Ela ficou em silêncio por alguns instantes, verificando se tínhamos sido seguidas. E depois, foi até mim.

— Você está bem? Ele te machucou? — perguntou, preocupada, procurando algum ferimento.

— Estou bem sim, só estou cansada. — enquanto isso, Caitlyn pegou um pano e começou a limpar o sangue do meu nariz.

— Que tipo de criatura era aquela?!

— Eu não sei, mas aposto que é obra do doutor Singed.

— Quem é esse Singed agora?

— Foi ele quem criou a Cintila, talvez esteja trabalhando para os barões. — expliquei. — Mas eu não tenho certeza.

— Entendo... De qualquer forma, Jayce vai descobrir alguma coisa. — ela guardou seu pano na bolsa. — ... Você lutou bastante hoje.

Soltei uma risadinha. Caitlyn estava toda vermelha. De certo aquele elogio tinha outros motivos.

— Você também arrasou hoje, Cupcake. — comentei, segurando na sua mão. — Essa é a minha garota.

Ela revirou os olhos de tédio. Eu sabia que ela detestava meus flertes bobos. Mas dessa vez, Caitlyn tinha um sorriso no rosto.

— Nós vamos fazer mais coisas assim? — perguntei.

— Assim como? Tipo, quase morrer? — declarou ela, sarcasticamente. Não pude evitar uma risada.

— Não. — fiz uma careta. Não queria morrer, não antes de conquistar ela. — Missões juntas, eu gosto disso. De trabalhar só com você.

Ela ficou em silêncio, pensando no que dizer. Nos rostos estavam realmente mais próximos, era a hora do beijinho!
Coloquei minha mão calejado sobre sua fina bochecha. Caitlyn era tão linda, até mesmo em meio ao apocalipse.
Chega de enrolação, por fim me aproximei de seu rosto e a beijei de vez. Beijei de novo aqueles lábios doces misturados com uma sensação de prazer. Caitlyn sempre me fazia querer mais e mais dela.
Paramos para pegar um pouco de ar.

— Vi... — chamou ela ofegante. — Eu...

Antes mesmo que pudesse dizer algo a mais, alguém bateu forte em sua cabeça com uma arma. Caitlyn caiu inconsciente no chão.

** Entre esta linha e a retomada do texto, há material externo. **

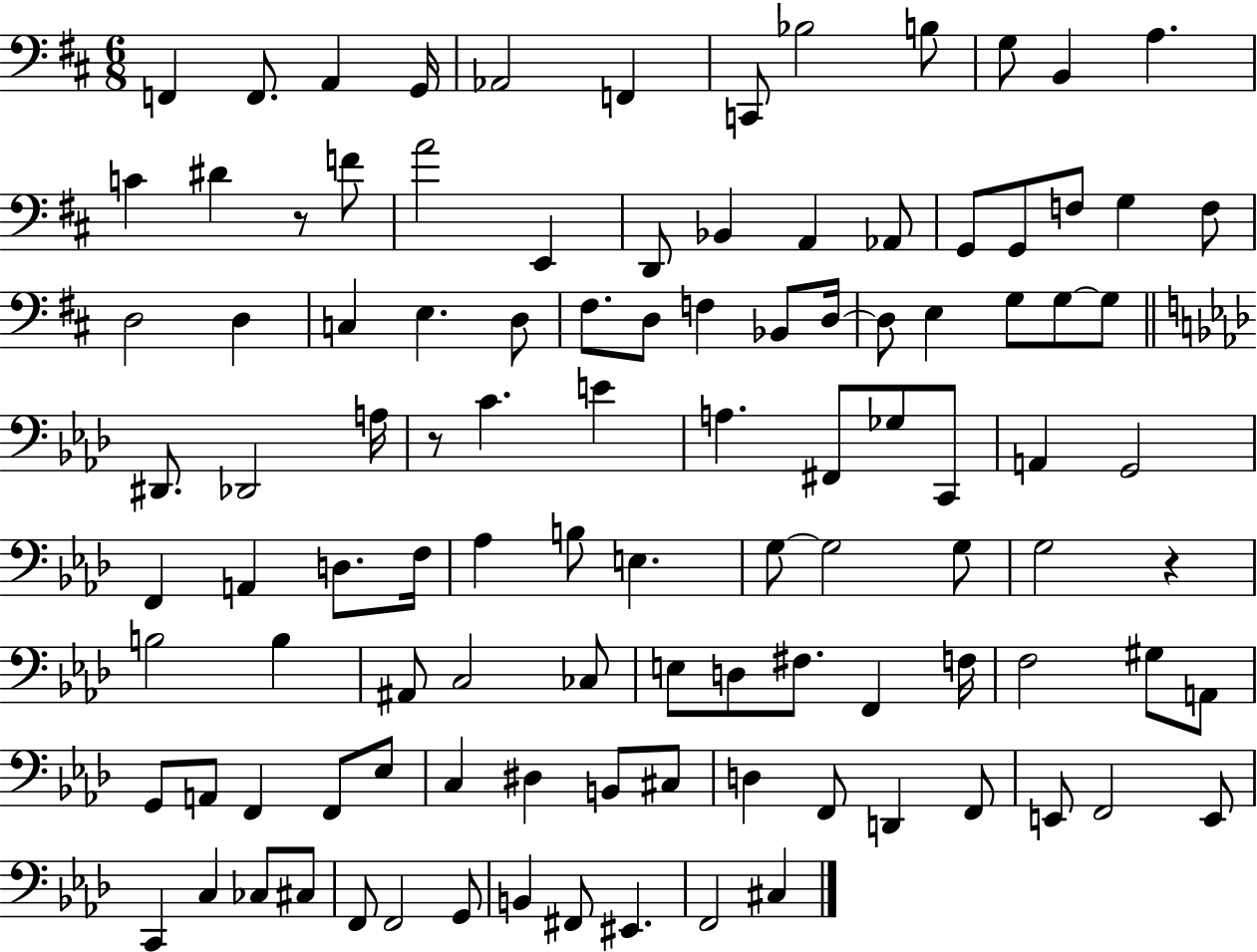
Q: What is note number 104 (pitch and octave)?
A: C#3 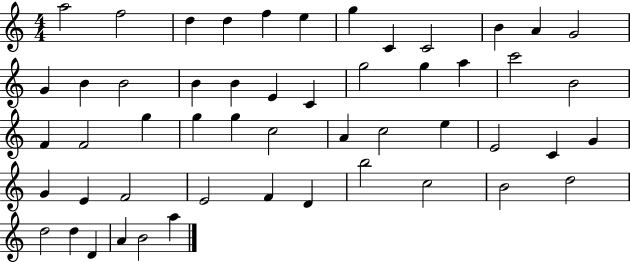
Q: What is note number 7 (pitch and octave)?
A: G5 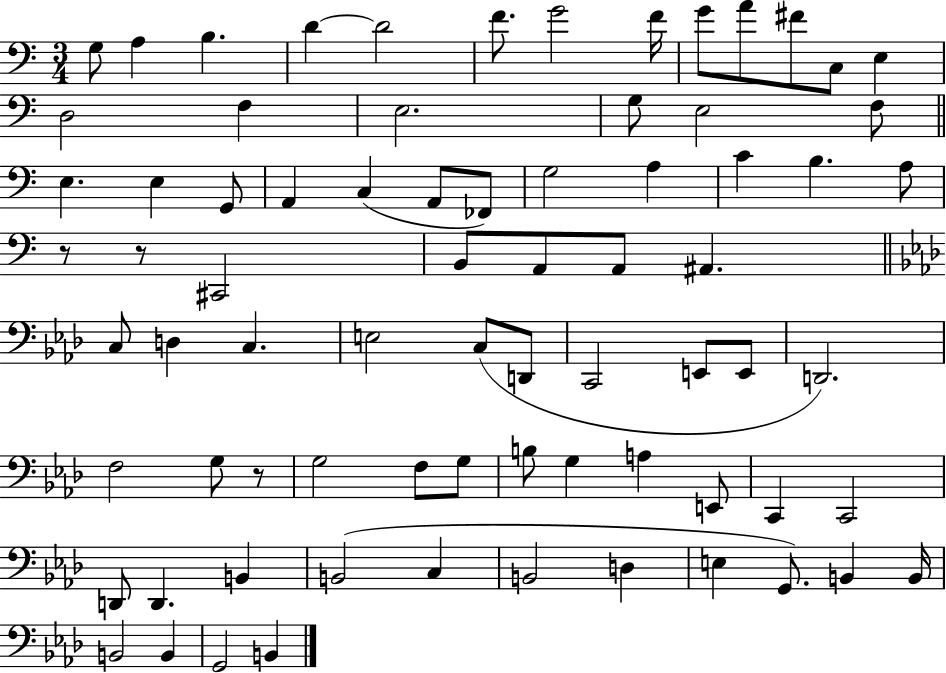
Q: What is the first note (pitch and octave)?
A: G3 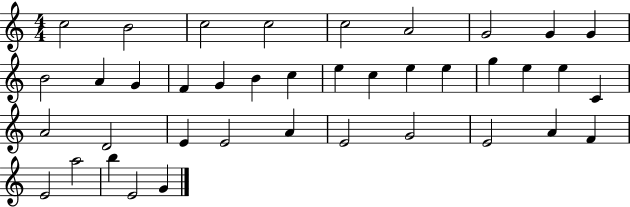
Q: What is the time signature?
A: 4/4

— Cupcake! — chamei, tentando a ajudar, mas alguém agarrou minha mão.

Logo vi aqueles olhos rosa vibrante. Como Jinx entrou sem que eu pudesse ver?!
Aquela droga tornou minha irmã um monstro.

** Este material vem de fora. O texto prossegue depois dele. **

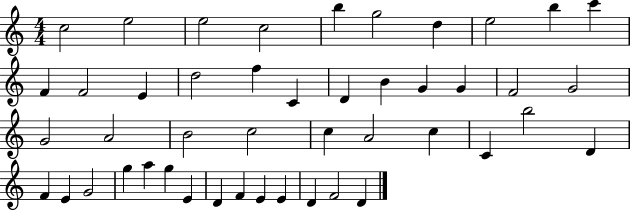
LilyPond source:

{
  \clef treble
  \numericTimeSignature
  \time 4/4
  \key c \major
  c''2 e''2 | e''2 c''2 | b''4 g''2 d''4 | e''2 b''4 c'''4 | \break f'4 f'2 e'4 | d''2 f''4 c'4 | d'4 b'4 g'4 g'4 | f'2 g'2 | \break g'2 a'2 | b'2 c''2 | c''4 a'2 c''4 | c'4 b''2 d'4 | \break f'4 e'4 g'2 | g''4 a''4 g''4 e'4 | d'4 f'4 e'4 e'4 | d'4 f'2 d'4 | \break \bar "|."
} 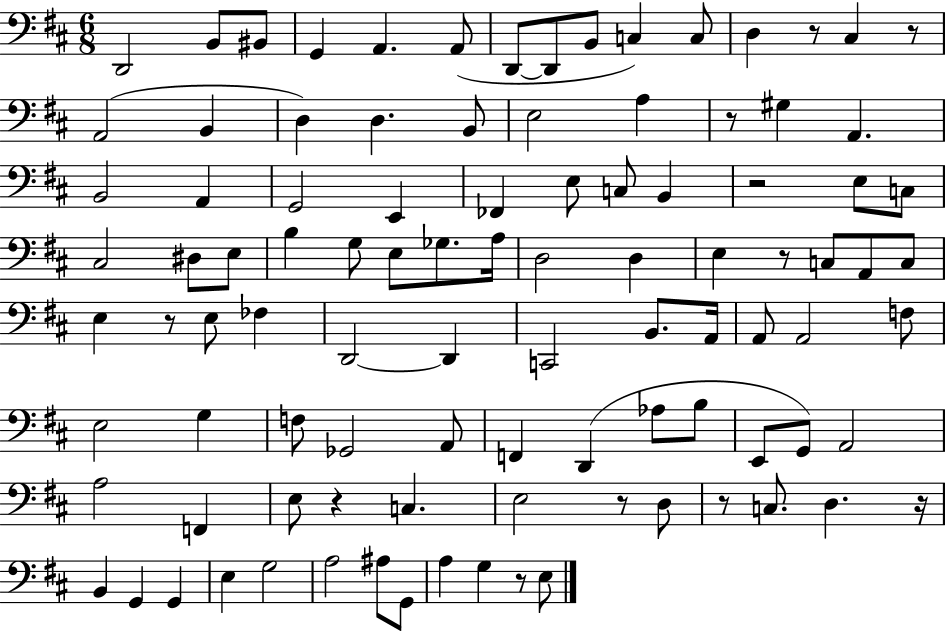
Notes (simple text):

D2/h B2/e BIS2/e G2/q A2/q. A2/e D2/e D2/e B2/e C3/q C3/e D3/q R/e C#3/q R/e A2/h B2/q D3/q D3/q. B2/e E3/h A3/q R/e G#3/q A2/q. B2/h A2/q G2/h E2/q FES2/q E3/e C3/e B2/q R/h E3/e C3/e C#3/h D#3/e E3/e B3/q G3/e E3/e Gb3/e. A3/s D3/h D3/q E3/q R/e C3/e A2/e C3/e E3/q R/e E3/e FES3/q D2/h D2/q C2/h B2/e. A2/s A2/e A2/h F3/e E3/h G3/q F3/e Gb2/h A2/e F2/q D2/q Ab3/e B3/e E2/e G2/e A2/h A3/h F2/q E3/e R/q C3/q. E3/h R/e D3/e R/e C3/e. D3/q. R/s B2/q G2/q G2/q E3/q G3/h A3/h A#3/e G2/e A3/q G3/q R/e E3/e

— Graças a Deus eu te achei. — falou ela, me levando para fora. — Venha, os barões estão querendo a sua cabeça numa bandeja e eu não vou deixar isso!

— Powder, espera! A Caitlyn!

— Deixa de bobagem! Os defensores vão a achar!

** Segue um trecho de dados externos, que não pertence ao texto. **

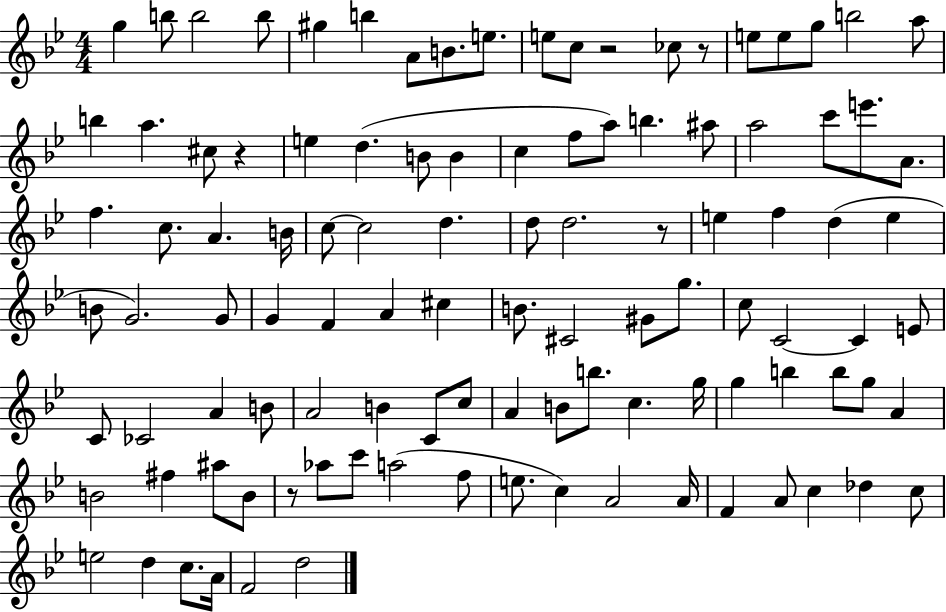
{
  \clef treble
  \numericTimeSignature
  \time 4/4
  \key bes \major
  \repeat volta 2 { g''4 b''8 b''2 b''8 | gis''4 b''4 a'8 b'8. e''8. | e''8 c''8 r2 ces''8 r8 | e''8 e''8 g''8 b''2 a''8 | \break b''4 a''4. cis''8 r4 | e''4 d''4.( b'8 b'4 | c''4 f''8 a''8) b''4. ais''8 | a''2 c'''8 e'''8. a'8. | \break f''4. c''8. a'4. b'16 | c''8~~ c''2 d''4. | d''8 d''2. r8 | e''4 f''4 d''4( e''4 | \break b'8 g'2.) g'8 | g'4 f'4 a'4 cis''4 | b'8. cis'2 gis'8 g''8. | c''8 c'2~~ c'4 e'8 | \break c'8 ces'2 a'4 b'8 | a'2 b'4 c'8 c''8 | a'4 b'8 b''8. c''4. g''16 | g''4 b''4 b''8 g''8 a'4 | \break b'2 fis''4 ais''8 b'8 | r8 aes''8 c'''8 a''2( f''8 | e''8. c''4) a'2 a'16 | f'4 a'8 c''4 des''4 c''8 | \break e''2 d''4 c''8. a'16 | f'2 d''2 | } \bar "|."
} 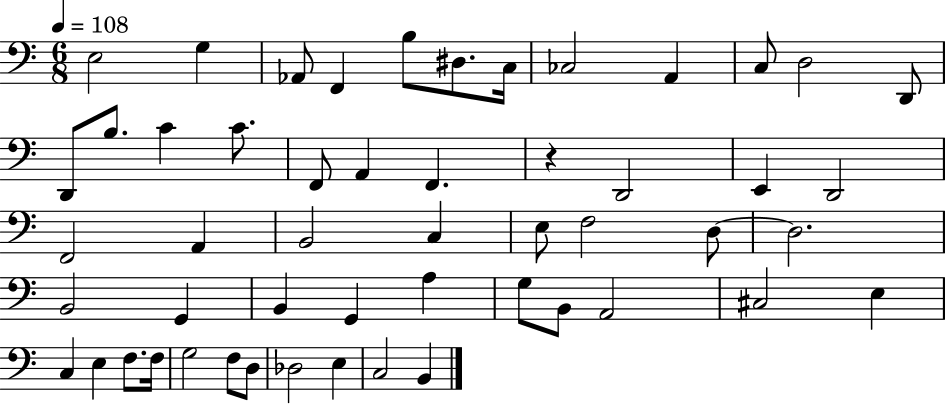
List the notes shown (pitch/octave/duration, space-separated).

E3/h G3/q Ab2/e F2/q B3/e D#3/e. C3/s CES3/h A2/q C3/e D3/h D2/e D2/e B3/e. C4/q C4/e. F2/e A2/q F2/q. R/q D2/h E2/q D2/h F2/h A2/q B2/h C3/q E3/e F3/h D3/e D3/h. B2/h G2/q B2/q G2/q A3/q G3/e B2/e A2/h C#3/h E3/q C3/q E3/q F3/e. F3/s G3/h F3/e D3/e Db3/h E3/q C3/h B2/q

— Os barões podem a achar antes! — declarei, enfim me soltando dela. — Eu não posso ir, não sem ela.

Ela me olhou irritada.

— Mas você só pensa nisso?! Eu estou te salvando, Violet! Prefere que te matem?!

— Eu agradeço que queira me ajudar, mas eu não posso ir com você.

— Violet tem razão! — a voz de Ekko ecoou de repente.

Não era possível.
Nós duas olhamos para cima, e nós deparamos com os Fogolumes e seu líder — isto é, nosso velho amigo de infância, Ekko.
Jinx certamente não gostou de o ver ali.

— Não vem não, Ekko! — gritou ela, enquanto eles desciam. — Eu achei ela primeiro!

— Você sozinha não vai conseguir acabar com aqueles caras que estão rondando Zaun inteira. — explicou ele. — Os defensores vão querer te prender, e os barões vão querer te usar. Você não entende que vai prejudicar a si mesma também?

— Não venha me dizer o que pode acontecer comigo, Menino Salvador. — ameaçou ela, com uma face maligna. — Eu e o Fishbones fazemos um KABOOM com aquela gentinha!

Ele soltou um suspiro, e então se virou para mim.

— Então você decide, Vi. Pode vir comigo, ou pode ir com ela.

Olhei para o outro garoto, que segurava Caitlyn desacordada feito um tronco de madeira. E então, subi no hoverboard do Ekko, olhando tristemente para minha irmã, sentindo-se traída novamente.

— Sinto muito, Powder. — foi a última coisa que consegui a dizer.

Os Fogolumes começaram a subir, mas não foram alto o suficiente para que eu fosse incapaz de ouvir Jinx gritar novamente.

— Você fez a escolha certa. — confortou Ekko. — Ela vai ficar bem.

— Eu sei que vai... Mas dói ver ela se sentindo desse jeito.

— Ela escolheu esse caminho há muito tempo atrás, Vi. Não há nada que possamos fazer.

— ... É, acho que você tinha razão antes, Ekko: a Powder morreu. Morreu e a Jinx enterrou.